- About this task:
Begin your transcription at the line containing "Used 2025 Honda HR-V LX image 31" and continue it, word for word, to the final line below. Include only those lines and skip the pictures.

- Material provided:
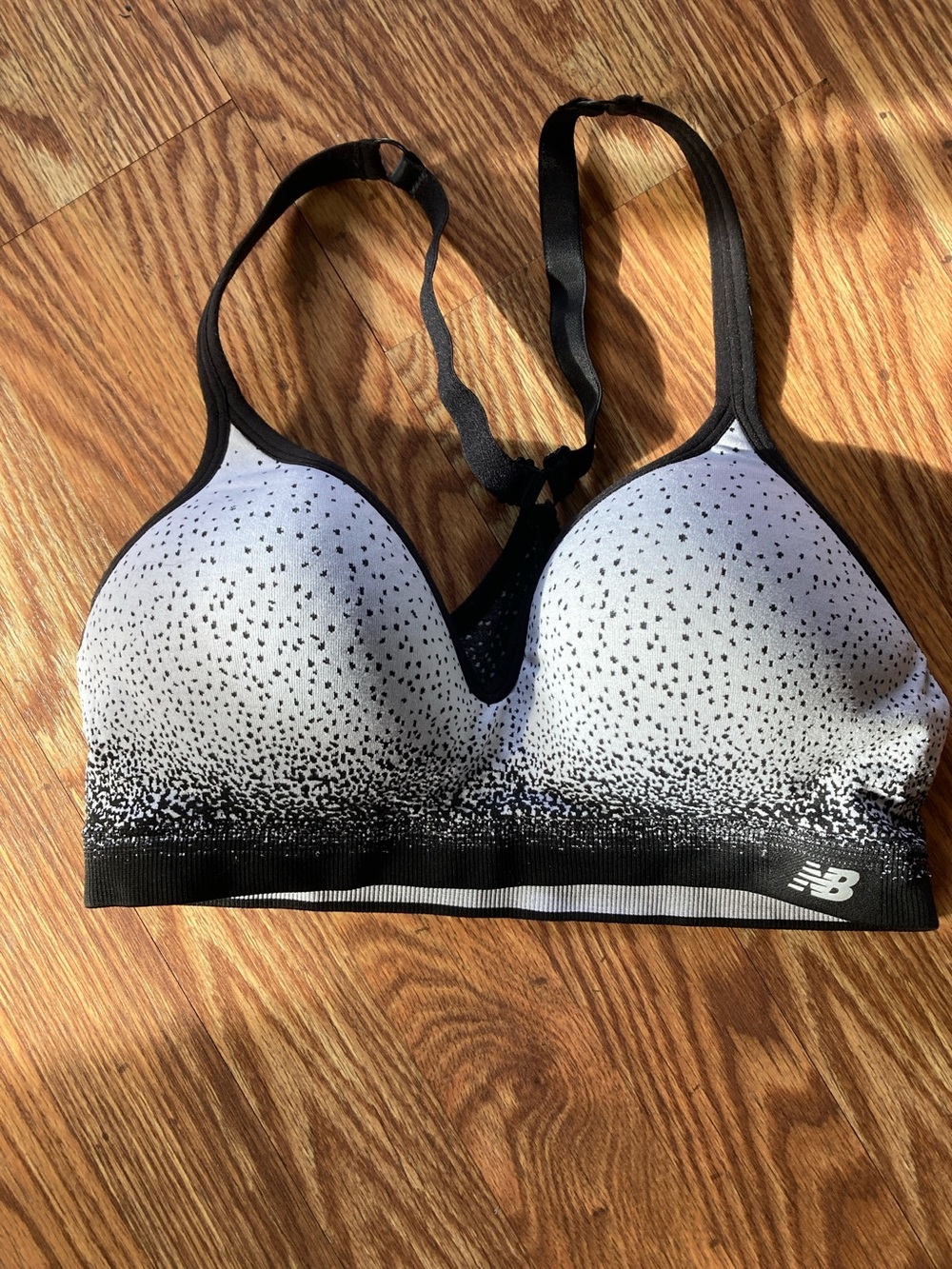 New Balance Women's Black & White Ombre Speckled Sports Bra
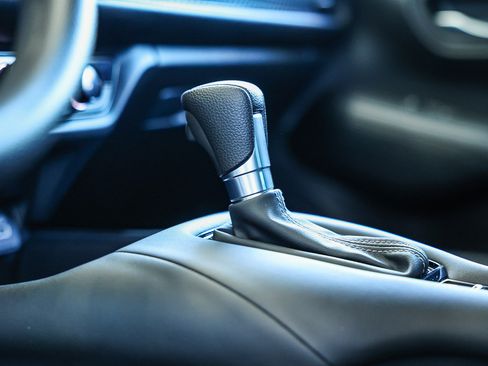 Used 2025 Honda HR-V LX image 31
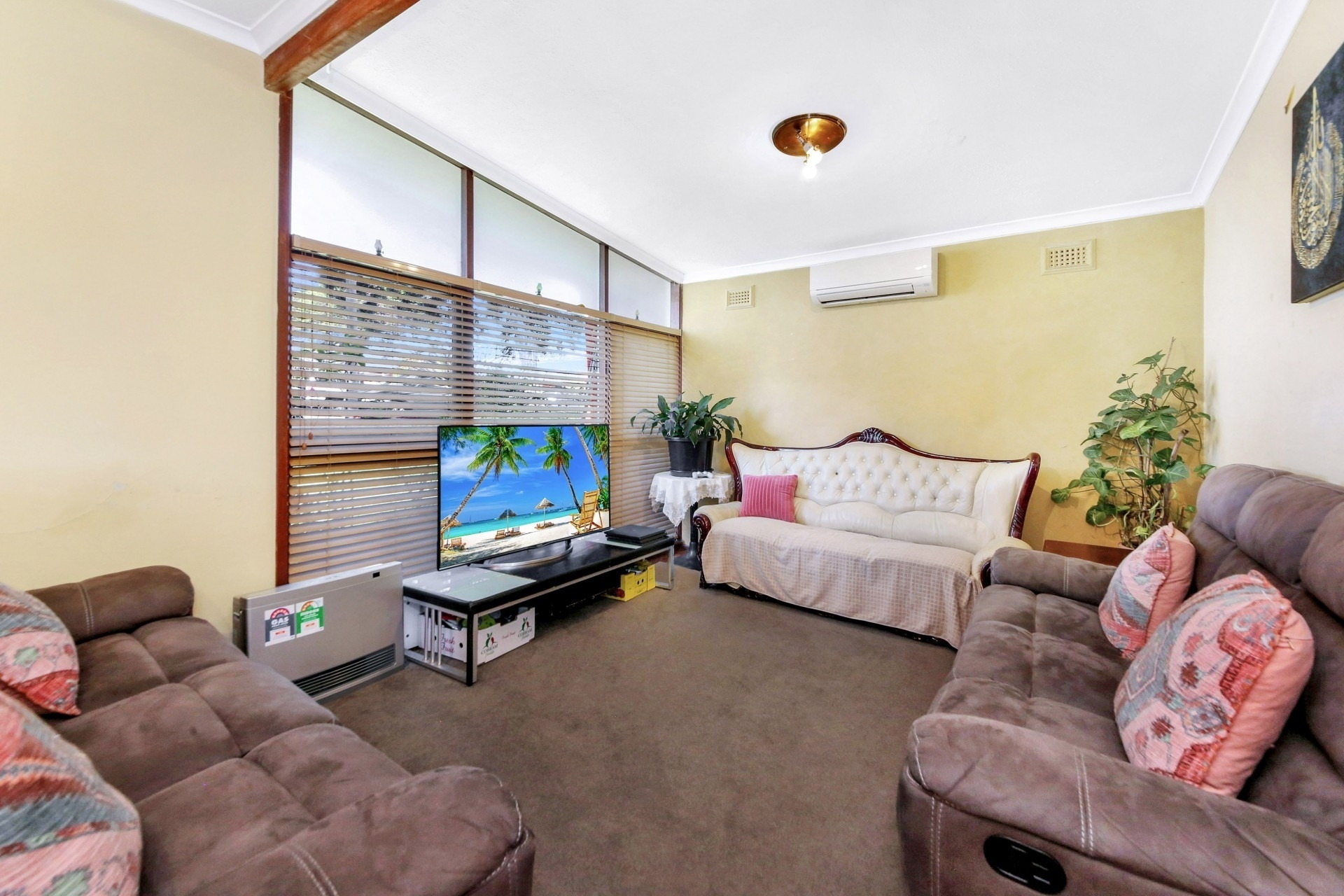 164 Lorraine Street, Peakhurst Heights Sold by Gavan Property - image 1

- Solution for this task:
 Used 2025 Honda HR-V LX image 31
 164 Lorraine Street, Peakhurst Heights Sold by Gavan Property - image 1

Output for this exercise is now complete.